--- EXERCISE MATERIAL ---

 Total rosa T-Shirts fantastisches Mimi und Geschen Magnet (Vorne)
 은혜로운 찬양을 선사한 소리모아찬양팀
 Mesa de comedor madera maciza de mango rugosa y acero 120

---
--- EXERCISE MATERIAL ---

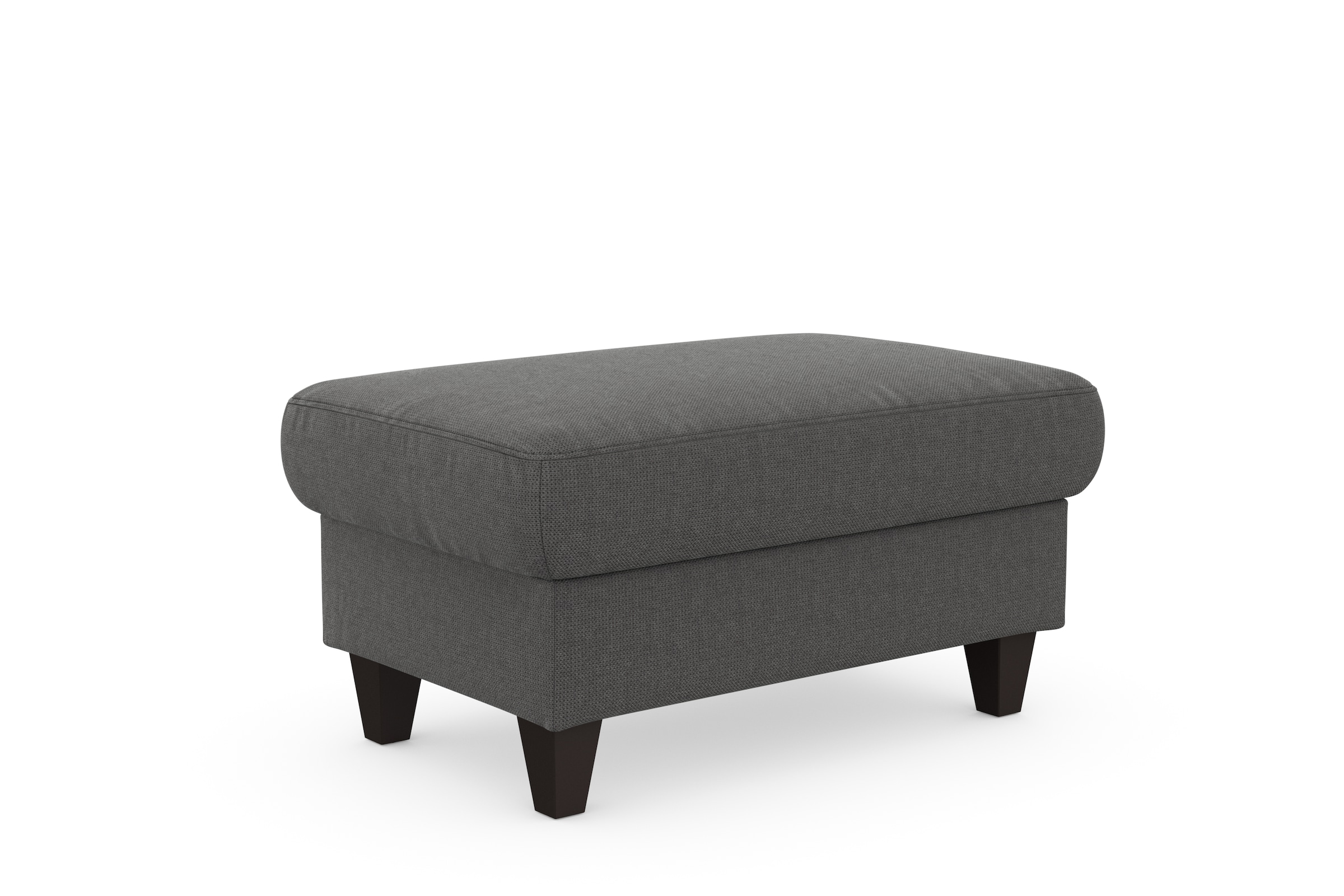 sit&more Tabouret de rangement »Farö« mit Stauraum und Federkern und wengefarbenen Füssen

---
--- EXERCISE MATERIAL ---

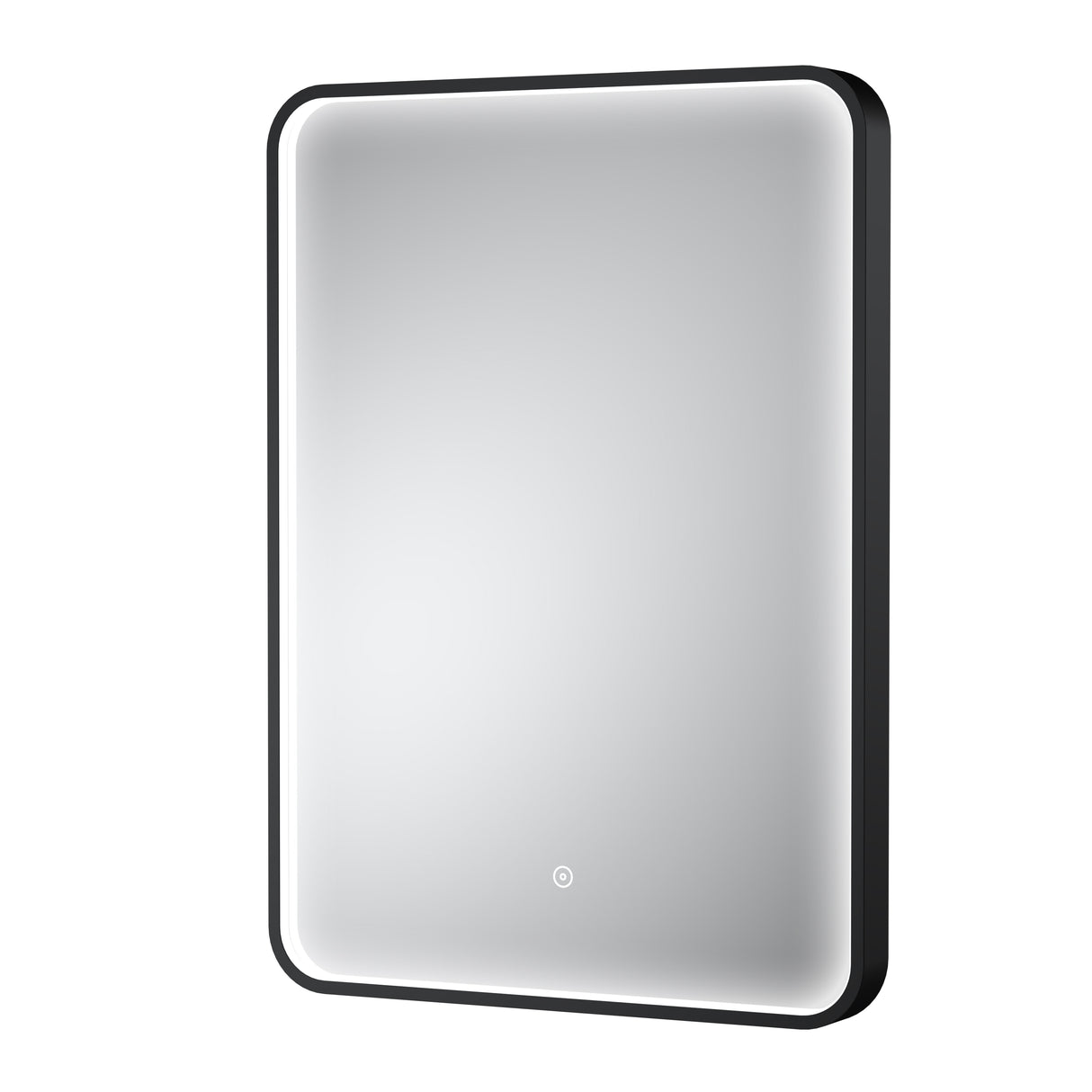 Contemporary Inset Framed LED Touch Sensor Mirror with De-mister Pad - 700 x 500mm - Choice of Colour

---

## EXERCISE OBJECTIVE
Give again, word for word, every line of the listing above from the one with "은혜로운 찬양을 선사한 소리모아찬양팀" to the one with "Mesa de comedor", both inclusive, and nothing beyond them.

## TASK SOLUTION
 은혜로운 찬양을 선사한 소리모아찬양팀
 Mesa de comedor madera maciza de mango rugosa y acero 120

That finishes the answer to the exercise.